I'm writing down every name, then narrowing them down to the ones I like, but it could use some time for more. Did it hurt? Yes, paper cuts.


----------



## Emba~Lyn (Jun 5, 2010)

Krishna???


----------



## BasementRaptor42 (Jun 5, 2010)

Mr.

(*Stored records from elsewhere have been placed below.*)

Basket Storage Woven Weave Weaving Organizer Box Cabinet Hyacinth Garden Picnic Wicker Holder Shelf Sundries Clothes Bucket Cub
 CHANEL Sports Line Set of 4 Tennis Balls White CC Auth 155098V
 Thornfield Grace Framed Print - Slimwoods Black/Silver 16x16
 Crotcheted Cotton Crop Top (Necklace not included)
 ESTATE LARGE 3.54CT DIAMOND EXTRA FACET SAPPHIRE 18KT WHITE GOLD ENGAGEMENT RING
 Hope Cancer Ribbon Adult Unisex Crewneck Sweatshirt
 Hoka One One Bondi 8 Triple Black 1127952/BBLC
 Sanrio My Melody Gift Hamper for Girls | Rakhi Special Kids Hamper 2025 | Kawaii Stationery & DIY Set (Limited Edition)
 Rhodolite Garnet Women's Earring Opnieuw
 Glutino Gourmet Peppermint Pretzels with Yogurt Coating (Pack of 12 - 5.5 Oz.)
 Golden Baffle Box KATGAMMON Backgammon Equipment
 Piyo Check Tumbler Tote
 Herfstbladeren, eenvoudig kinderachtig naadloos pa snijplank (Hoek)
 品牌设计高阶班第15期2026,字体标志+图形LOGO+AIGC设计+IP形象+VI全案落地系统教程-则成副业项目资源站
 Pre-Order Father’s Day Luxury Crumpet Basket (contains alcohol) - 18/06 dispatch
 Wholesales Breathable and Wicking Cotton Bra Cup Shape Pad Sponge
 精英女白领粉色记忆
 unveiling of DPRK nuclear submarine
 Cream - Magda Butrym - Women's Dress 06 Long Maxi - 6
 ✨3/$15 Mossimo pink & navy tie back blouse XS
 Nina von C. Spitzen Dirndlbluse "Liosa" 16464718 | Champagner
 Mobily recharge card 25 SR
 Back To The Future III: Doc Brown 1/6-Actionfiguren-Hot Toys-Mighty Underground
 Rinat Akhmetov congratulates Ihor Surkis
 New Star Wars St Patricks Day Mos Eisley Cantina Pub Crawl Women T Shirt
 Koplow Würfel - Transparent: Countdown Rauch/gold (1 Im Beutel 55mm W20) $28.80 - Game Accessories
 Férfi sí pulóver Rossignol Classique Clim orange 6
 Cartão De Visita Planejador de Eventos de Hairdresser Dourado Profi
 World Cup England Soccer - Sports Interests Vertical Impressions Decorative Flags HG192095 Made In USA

Potato Head.


----------



## TashkentFox (Jun 5, 2010)

Ashgabat.


----------



## Willow (Jun 5, 2010)

He kinda looks like a Liam 

Oh and, why are we giving Jesie attention, just sayin'


----------



## DReaper3 (Jun 5, 2010)

Brent


WillowWulf said:


> Oh and, why are we giving Jesie attention, just sayin'


 I got 'em on my ignore list, so i'm oblivious to their comments.


----------



## BlueIceHusky (Jun 6, 2010)

Well, the ones that sound correct and smexy are Winslow, Lucas, Danny, Dustin, and Brent. I like Dustin and Winslow, but what do you think? If you got another name, feel free to post it down here. Thanks!

BlueIceHusky


----------



## Slyck (Jun 6, 2010)

Name him Vinyl.


----------



## TashkentFox (Jun 6, 2010)

Alan.


----------



## Slyck (Jun 6, 2010)

TashkentFox said:


> Alan.


Steve.

Or Lance.


----------



## Kamau Husky (Jun 6, 2010)

His name shall be, Mike Ocksbig.


----------